Center & Radius of Circle

[lewch45]

x^2 + y^2 + 4x-2y-11=0

I combined like terms:

(x^2+4x) + (y^2-2y)=11

I wasn't sure where to go from here. An example says to complete the square but I'm not sure how to do that.

 

[Guest]

What are you trying to do, graph it?

 

[stapel]

The general process for completing the square for circles is as follows:

. . . . .1) Group the x-terms together, group the y-terms together,
. . . . .and put the loose numbers on the other side.

. . . . .2) If the squared terms are multiplied by anything,
. . . . .divide the entire equation by this value.

. . . . .3) For the x-terms, take half of the coefficient on "x",
. . . . .and square it. Add to both sides.

. . . . .4) For the y-terms, take half of the coefficient on "y",
. . . . .and square it. Add to both sides.

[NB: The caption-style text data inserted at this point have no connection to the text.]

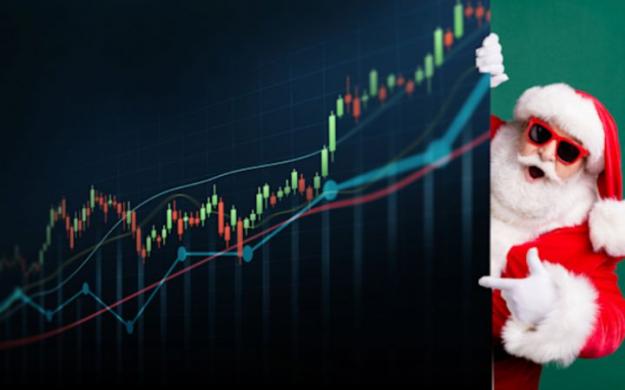 На фондовом рынке стартует сезон ралли Санта-Клауса.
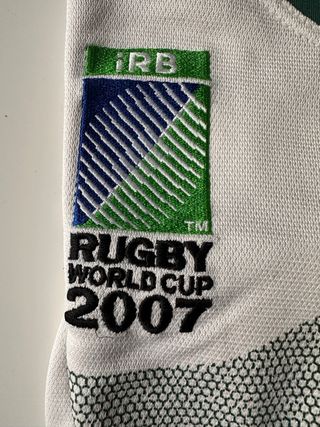 Camiseta Rugby Irlanda 2007 Canterbury Talla M
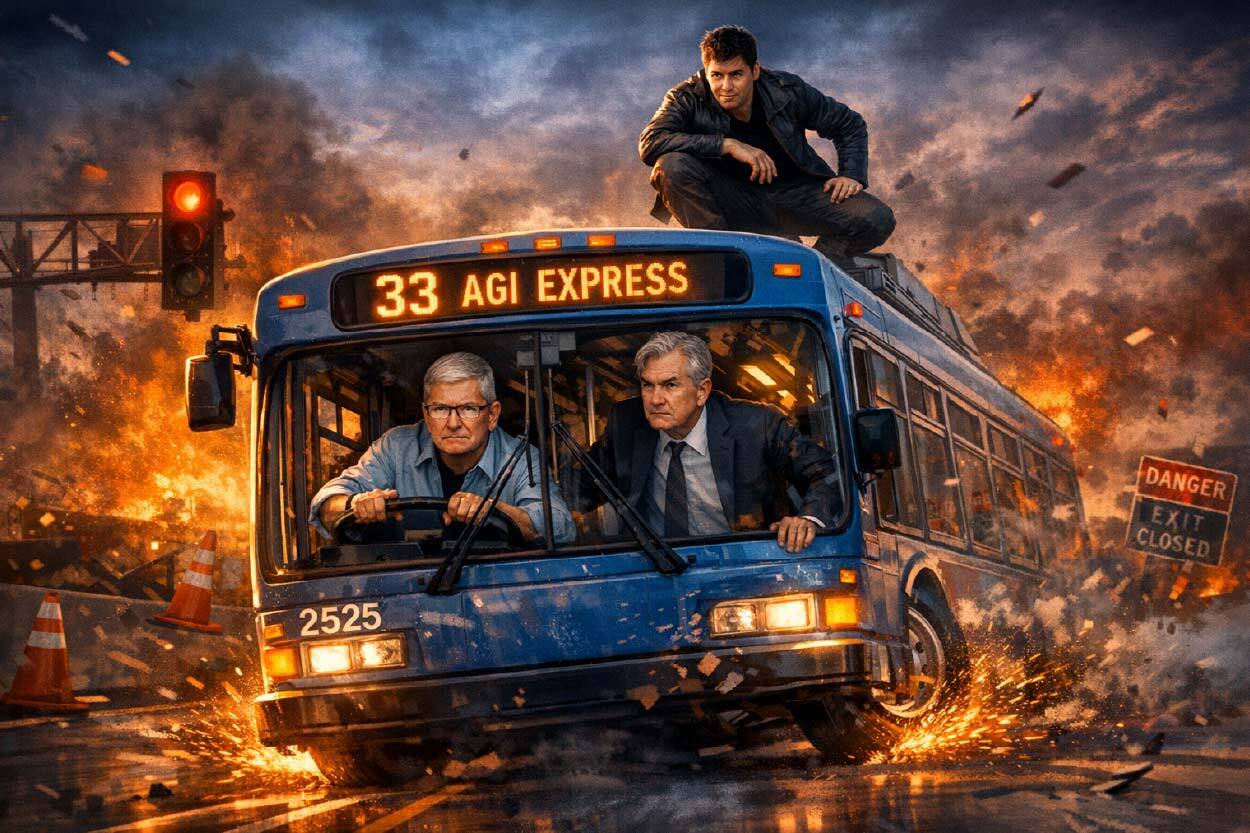 Racing Towards a Red Light — Quarterly Commentary cover image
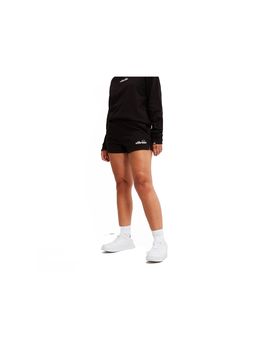 Pantalón ellesse kyrana loopback short mujer negro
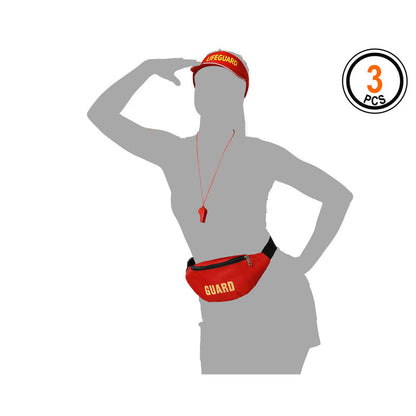 Bigbuy Carnival Verkleidung Für Erwachsene Rettungsschwimmer Strand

. . . . .5) Convert the x- and y-terms to squared-binomial
. . . . .form; simplify on the other side. You may also want to
. . . . .convert the numerical side to squared form.

So, for instance:

. . . . .x² + y² - 6x + 8y = 0

. . . . .1) x² - 6x + y² + 8y = 0

. . . . .2) (not needed, in this case)

. . . . .3) (1/2)(-6) = -3, (-3)² = 9
. . . . .x² - 6x + 9 + y² + 8y = 0 + 9

. . . . .4) (1/2)(8) = 4, (4)² = 16
. . . . .x² - 6x + 9 + y² + 8y + 16 = 0 + 9 + 16

. . . . .5) (x - 3)² + (y + 4)² = 25 = 5²

In my example, then, the center is at (h, k) = (3, -4), and the radius r = 5.

Eliz.

 

[Guest]

stapel? Is that you? What are you doing here! I was going to answer that (as soon as I figured out how )

 

[stapel]

stapel? Is that you?

Um... yes, "stapel" is "stapel". Who else did you think "stapel" would be? :shock:

What are you doing here!

Tutoring. It's what tutors do on a tutoring forum. What are you doing here? :roll:

Eliz.

 

[tkhunny]

I combined like terms:

(x^2+4x) + (y^2-2y)=11

No you didn't. You just grouped a few things.